══ Data for analysis ══

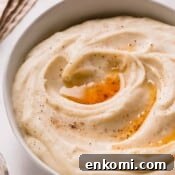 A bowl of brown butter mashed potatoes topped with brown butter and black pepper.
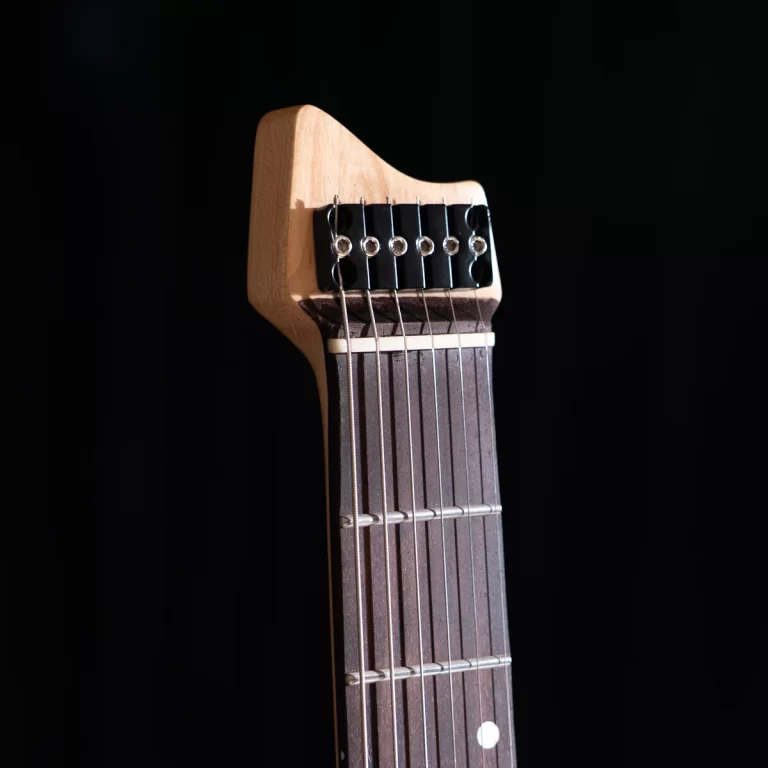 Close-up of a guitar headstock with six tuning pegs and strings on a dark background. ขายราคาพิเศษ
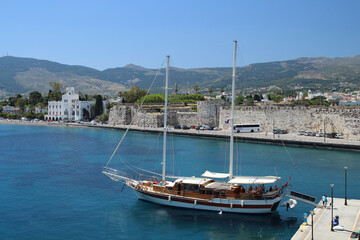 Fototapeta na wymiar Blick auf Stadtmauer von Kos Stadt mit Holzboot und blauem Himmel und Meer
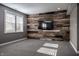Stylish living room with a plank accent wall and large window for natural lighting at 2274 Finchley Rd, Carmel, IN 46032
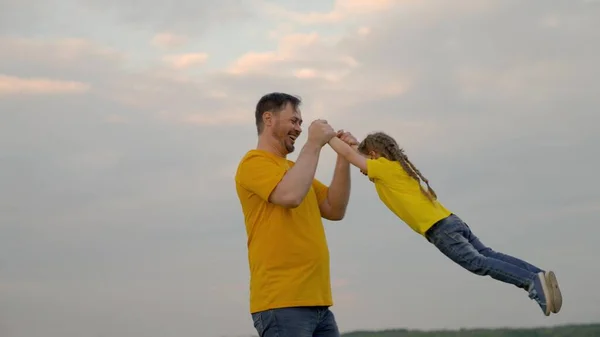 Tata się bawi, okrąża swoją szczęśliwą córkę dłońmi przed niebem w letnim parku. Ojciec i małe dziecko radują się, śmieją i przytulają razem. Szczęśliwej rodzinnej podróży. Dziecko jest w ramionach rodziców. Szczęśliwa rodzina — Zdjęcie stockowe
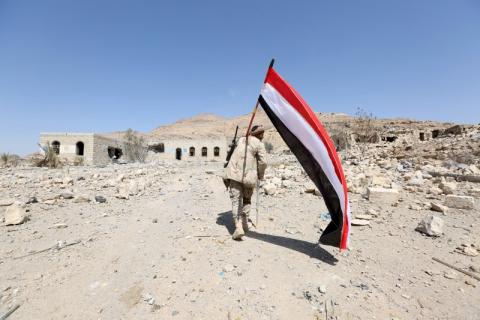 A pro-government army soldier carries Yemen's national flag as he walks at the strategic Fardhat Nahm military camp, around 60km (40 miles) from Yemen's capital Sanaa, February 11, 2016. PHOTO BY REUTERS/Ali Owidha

═══
══ Data for analysis ══

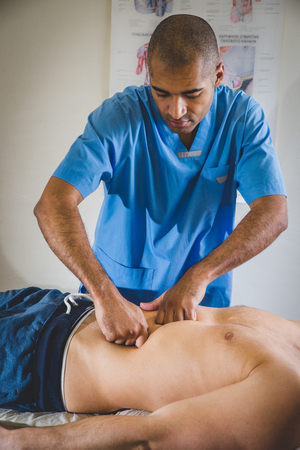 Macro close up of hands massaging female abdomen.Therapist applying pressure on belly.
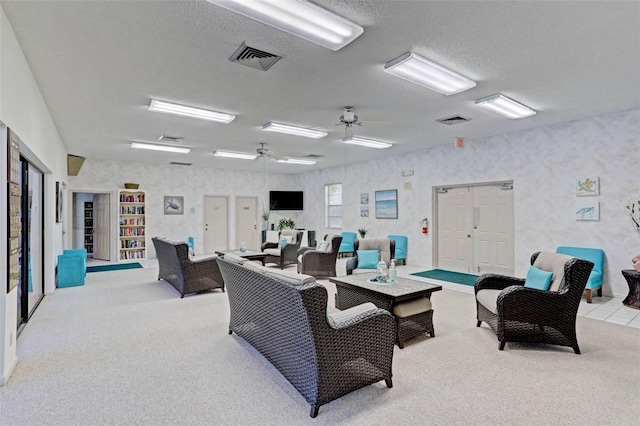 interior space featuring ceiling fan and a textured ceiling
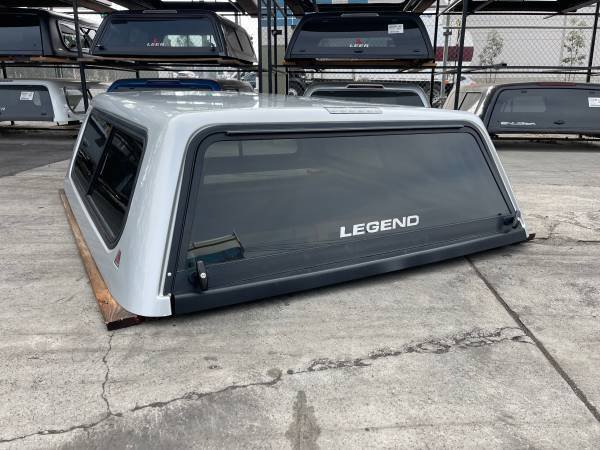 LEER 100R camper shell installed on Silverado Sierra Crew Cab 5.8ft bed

═══
══ Data for analysis ══

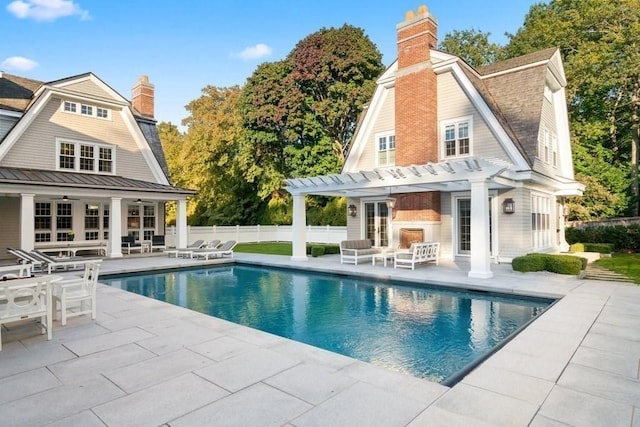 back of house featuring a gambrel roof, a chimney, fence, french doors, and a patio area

═══

▶ [Your assignment]: Give again the stretch of lines above from the one with "Macro close up" through the one with "LEER 100R camper", both ends kept, and copy no pictures.

▶ [Solution to this task]:
 Macro close up of hands massaging female abdomen.Therapist applying pressure on belly.
 interior space featuring ceiling fan and a textured ceiling
 LEER 100R camper shell installed on Silverado Sierra Crew Cab 5.8ft bed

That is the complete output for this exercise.